Since Linda and I are leaving on vacation in a few hours, Aster Data graciously gave me permission to morph its “12:01 am Monday, November 2” embargo into “late Friday night.”
Aster Data is officially announcing the 4.0 release of nCluster. There are two big pieces to this announcement:
- Aster is offering a slick vision for integrating big-database management and general analytic processing on the same MPP cluster, under the not-so-slick name “Data-Application Server.”
- Aster is also offering a sophisticated vision for workload management.
In addition, Aster has matured nCluster in various ways, for example cleaning up a performance problem with single-row updates.

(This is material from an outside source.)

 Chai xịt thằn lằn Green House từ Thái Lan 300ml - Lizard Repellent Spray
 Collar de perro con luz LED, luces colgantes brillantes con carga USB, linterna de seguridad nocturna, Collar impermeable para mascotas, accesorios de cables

Highlights of the Aster “Data-Application Server” story include:
- At its core, the Aster “Data-Application Server” is the Aster nCluster MPP analytic DBMS, enhanced with basic application server functionality (I didn’t ask for details of that part), running on the same nCluster worker nodes that answer SQL queries.
- Thus, Aster is eliminating a lot of the data movement that plagues three-tier architectures and other less-integrated approaches.
- The Aster “Data-Application Server” further offers integrated workload management for applications and queries; more on that below.
- The Aster “Data-Application Server” requires applications to be parallelized and invoked via Aster’s SQL/MapReduce.
- As befits a MapReduce-based system, the Aster “Data-Application Server” lets you write your applications in lots of different languages (the usual suspects, and it also does .NET).
- The Aster “Data-Application Server” runs applications in their own process spaces, protecting the DBMS server from crashes and other damaging behavior.
- The Aster “Data-Application Server” allows applications to manage memory themselves, persistently, and not just via relational constructs. Thus, if you want your application to maintain a graph, mini rules engine, and/or finite state machine, you can, without doing SQL contortions.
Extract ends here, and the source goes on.